### What to do
Could you output each line of the data that follows exactly?

### Records supplied
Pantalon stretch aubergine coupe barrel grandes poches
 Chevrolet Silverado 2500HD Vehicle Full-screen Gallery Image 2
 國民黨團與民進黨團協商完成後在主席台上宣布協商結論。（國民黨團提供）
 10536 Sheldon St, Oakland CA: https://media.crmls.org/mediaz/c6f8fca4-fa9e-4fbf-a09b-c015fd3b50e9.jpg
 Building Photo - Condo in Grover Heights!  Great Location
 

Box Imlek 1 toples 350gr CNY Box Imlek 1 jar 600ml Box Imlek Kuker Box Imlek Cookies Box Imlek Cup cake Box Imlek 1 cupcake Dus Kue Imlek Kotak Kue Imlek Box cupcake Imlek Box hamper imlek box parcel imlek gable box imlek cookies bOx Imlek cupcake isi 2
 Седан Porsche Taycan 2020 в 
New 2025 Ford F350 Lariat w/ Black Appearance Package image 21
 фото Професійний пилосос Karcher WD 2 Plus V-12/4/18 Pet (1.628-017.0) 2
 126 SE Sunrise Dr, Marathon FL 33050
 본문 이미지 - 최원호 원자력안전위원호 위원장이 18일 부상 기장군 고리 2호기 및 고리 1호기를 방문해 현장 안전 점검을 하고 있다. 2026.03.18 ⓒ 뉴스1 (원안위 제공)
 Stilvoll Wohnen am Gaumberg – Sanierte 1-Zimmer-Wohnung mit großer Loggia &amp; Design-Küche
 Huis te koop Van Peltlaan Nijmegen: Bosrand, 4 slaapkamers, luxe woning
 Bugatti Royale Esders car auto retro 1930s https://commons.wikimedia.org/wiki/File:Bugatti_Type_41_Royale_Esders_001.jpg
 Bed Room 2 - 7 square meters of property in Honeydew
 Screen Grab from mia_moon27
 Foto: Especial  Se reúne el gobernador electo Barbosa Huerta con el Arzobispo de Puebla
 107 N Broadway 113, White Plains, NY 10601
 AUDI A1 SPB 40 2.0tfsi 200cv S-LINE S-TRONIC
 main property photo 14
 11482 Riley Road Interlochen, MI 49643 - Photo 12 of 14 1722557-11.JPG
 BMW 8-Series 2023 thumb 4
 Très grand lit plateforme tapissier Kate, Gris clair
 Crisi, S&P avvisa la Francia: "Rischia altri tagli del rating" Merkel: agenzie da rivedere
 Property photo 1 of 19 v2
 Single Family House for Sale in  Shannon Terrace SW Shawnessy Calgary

### The answer
Pantalon stretch aubergine coupe barrel grandes poches
 Chevrolet Silverado 2500HD Vehicle Full-screen Gallery Image 2
 國民黨團與民進黨團協商完成後在主席台上宣布協商結論。（國民黨團提供）
 10536 Sheldon St, Oakland CA: https://media.crmls.org/mediaz/c6f8fca4-fa9e-4fbf-a09b-c015fd3b50e9.jpg
 Building Photo - Condo in Grover Heights!  Great Location
 

Box Imlek 1 toples 350gr CNY Box Imlek 1 jar 600ml Box Imlek Kuker Box Imlek Cookies Box Imlek Cup cake Box Imlek 1 cupcake Dus Kue Imlek Kotak Kue Imlek Box cupcake Imlek Box hamper imlek box parcel imlek gable box imlek cookies bOx Imlek cupcake isi 2
 Седан Porsche Taycan 2020 в 
New 2025 Ford F350 Lariat w/ Black Appearance Package image 21
 фото Професійний пилосос Karcher WD 2 Plus V-12/4/18 Pet (1.628-017.0) 2
 126 SE Sunrise Dr, Marathon FL 33050
 본문 이미지 - 최원호 원자력안전위원호 위원장이 18일 부상 기장군 고리 2호기 및 고리 1호기를 방문해 현장 안전 점검을 하고 있다. 2026.03.18 ⓒ 뉴스1 (원안위 제공)
 Stilvoll Wohnen am Gaumberg – Sanierte 1-Zimmer-Wohnung mit großer Loggia &amp; Design-Küche
 Huis te koop Van Peltlaan Nijmegen: Bosrand, 4 slaapkamers, luxe woning
 Bugatti Royale Esders car auto retro 1930s https://commons.wikimedia.org/wiki/File:Bugatti_Type_41_Royale_Esders_001.jpg
 Bed Room 2 - 7 square meters of property in Honeydew
 Screen Grab from mia_moon27
 Foto: Especial  Se reúne el gobernador electo Barbosa Huerta con el Arzobispo de Puebla
 107 N Broadway 113, White Plains, NY 10601
 AUDI A1 SPB 40 2.0tfsi 200cv S-LINE S-TRONIC
 main property photo 14
 11482 Riley Road Interlochen, MI 49643 - Photo 12 of 14 1722557-11.JPG
 BMW 8-Series 2023 thumb 4
 Très grand lit plateforme tapissier Kate, Gris clair
 Crisi, S&P avvisa la Francia: "Rischia altri tagli del rating" Merkel: agenzie da rivedere
 Property photo 1 of 19 v2
 Single Family House for Sale in  Shannon Terrace SW Shawnessy Calgary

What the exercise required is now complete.